Sorting the Landscape into Simple Categories

To understand change, the authors first teach computers to recognize what the land looked like before and during the war. They group each pixel into one of six easy‑to‑interpret classes: bare ground, built‑up area, crops, grass and scrub, trees, or water. Three different machine‑learning methods vote on the class of every pixel, and a follow‑up smoothing step fixes isolated mislabels that do not match their surroundings. This context‑aware correction respects the fact that some categories naturally sit next to each other, while others rarely do. When tested, this blended approach matches or exceeds the accuracy of a state‑of‑the‑art global product called AlphaEarth, especially for vegetation classes, while still relying only on open data.

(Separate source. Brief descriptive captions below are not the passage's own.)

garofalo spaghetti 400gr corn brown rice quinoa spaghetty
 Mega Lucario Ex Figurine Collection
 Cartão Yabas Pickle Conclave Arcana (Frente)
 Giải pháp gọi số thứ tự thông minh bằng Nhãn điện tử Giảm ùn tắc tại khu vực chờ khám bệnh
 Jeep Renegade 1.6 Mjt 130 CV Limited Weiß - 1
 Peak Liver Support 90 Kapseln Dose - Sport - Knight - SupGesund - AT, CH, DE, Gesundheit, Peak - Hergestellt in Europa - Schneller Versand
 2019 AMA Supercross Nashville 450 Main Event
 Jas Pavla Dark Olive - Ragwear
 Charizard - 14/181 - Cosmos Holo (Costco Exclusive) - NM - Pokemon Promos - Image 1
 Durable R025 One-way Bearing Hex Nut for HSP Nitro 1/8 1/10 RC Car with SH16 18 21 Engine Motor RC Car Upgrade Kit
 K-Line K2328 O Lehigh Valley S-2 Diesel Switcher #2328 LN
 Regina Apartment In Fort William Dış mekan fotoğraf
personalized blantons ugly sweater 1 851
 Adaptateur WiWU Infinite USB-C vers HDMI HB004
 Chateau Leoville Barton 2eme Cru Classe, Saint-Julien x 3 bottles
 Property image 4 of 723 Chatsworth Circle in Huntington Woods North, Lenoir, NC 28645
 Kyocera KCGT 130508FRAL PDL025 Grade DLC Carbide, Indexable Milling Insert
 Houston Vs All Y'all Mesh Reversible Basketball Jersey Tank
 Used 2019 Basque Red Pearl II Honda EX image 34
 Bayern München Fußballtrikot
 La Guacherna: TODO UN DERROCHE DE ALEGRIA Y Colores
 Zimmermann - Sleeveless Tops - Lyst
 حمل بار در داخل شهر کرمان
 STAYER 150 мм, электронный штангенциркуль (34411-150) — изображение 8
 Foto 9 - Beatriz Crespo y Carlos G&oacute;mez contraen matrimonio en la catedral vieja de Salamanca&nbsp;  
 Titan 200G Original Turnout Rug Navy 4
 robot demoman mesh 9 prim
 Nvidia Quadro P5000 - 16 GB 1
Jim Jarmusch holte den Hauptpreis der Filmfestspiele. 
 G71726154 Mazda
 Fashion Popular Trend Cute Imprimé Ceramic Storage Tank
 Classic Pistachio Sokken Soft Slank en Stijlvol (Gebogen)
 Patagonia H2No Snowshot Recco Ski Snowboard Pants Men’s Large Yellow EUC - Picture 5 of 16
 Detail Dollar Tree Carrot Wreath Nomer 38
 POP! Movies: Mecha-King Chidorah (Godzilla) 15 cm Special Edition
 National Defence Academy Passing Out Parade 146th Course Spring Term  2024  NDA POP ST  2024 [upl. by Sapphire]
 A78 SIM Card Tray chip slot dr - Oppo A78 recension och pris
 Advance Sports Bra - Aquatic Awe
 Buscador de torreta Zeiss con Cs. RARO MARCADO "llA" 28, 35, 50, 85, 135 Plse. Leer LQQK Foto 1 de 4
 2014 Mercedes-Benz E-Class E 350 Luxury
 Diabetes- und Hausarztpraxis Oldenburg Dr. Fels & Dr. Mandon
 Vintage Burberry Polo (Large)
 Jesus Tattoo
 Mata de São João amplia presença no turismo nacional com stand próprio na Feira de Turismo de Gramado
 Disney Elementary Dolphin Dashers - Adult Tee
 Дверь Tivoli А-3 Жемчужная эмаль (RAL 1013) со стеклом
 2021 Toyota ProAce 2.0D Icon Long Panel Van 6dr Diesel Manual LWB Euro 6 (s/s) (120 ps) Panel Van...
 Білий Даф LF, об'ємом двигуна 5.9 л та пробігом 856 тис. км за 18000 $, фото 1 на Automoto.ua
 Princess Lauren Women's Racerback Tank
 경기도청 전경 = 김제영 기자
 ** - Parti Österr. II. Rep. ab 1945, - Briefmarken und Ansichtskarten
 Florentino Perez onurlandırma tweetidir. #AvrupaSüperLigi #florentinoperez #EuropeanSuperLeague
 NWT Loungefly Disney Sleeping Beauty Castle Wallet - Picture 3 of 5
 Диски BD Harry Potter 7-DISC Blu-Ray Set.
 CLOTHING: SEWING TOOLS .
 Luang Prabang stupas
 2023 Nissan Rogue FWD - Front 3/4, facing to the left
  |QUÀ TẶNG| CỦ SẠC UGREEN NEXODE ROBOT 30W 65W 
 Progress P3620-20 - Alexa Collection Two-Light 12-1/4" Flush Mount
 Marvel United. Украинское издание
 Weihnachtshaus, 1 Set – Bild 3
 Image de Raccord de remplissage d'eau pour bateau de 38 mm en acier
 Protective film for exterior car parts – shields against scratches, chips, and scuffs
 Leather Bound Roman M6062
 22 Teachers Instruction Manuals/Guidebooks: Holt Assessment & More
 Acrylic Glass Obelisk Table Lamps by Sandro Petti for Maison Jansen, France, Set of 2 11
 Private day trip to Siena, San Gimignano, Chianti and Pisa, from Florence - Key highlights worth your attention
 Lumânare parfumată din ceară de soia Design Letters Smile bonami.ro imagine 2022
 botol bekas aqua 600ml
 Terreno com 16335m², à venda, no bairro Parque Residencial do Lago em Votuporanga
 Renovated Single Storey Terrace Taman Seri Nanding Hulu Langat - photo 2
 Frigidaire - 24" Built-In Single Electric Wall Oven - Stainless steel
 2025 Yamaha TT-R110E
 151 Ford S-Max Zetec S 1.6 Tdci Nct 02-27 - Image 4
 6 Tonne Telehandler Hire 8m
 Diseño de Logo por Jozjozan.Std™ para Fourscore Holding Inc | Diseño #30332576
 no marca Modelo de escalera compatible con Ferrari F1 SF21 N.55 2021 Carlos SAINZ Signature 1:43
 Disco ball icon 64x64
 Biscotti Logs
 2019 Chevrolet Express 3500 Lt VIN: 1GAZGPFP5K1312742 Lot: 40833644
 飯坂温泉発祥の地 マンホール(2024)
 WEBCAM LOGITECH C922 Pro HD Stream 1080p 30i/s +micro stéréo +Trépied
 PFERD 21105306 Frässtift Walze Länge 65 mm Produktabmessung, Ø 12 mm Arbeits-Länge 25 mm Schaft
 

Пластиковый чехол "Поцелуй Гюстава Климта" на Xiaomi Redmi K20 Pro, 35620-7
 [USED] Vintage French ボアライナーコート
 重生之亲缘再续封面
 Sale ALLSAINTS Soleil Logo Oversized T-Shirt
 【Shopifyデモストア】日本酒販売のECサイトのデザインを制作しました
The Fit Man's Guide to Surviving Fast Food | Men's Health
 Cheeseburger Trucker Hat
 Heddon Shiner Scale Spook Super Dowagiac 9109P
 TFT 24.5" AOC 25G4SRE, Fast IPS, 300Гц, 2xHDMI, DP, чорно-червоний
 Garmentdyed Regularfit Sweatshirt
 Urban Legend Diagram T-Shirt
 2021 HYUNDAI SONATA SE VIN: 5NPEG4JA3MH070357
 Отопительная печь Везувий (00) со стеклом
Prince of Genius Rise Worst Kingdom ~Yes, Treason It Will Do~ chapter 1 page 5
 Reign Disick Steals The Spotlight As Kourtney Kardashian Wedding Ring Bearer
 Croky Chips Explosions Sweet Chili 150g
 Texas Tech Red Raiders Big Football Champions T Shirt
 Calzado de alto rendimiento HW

Tracking Destruction in Cities and Silence in Fields

Once the landscape is mapped, the radar record is mined for signs of disruption. In cities and towns, the method combines two radar‑based tests: one that flags sudden, statistically significant shifts in radar brightness, and another that highlights strong, reliable changes across a time series. These radar change maps are overlaid on a detailed building footprint layer from Microsoft. If enough pixels within a building’s outline show damage, that building is marked as destroyed. In the Bakhmut area, this automated process estimates that about 64% of buildings larger than a small house were heavily damaged. When compared with high‑resolution damage maps from the United Nations’ UNOSAT service for another city, it correctly finds more than 80% of the destroyed buildings, despite working with much coarser imagery.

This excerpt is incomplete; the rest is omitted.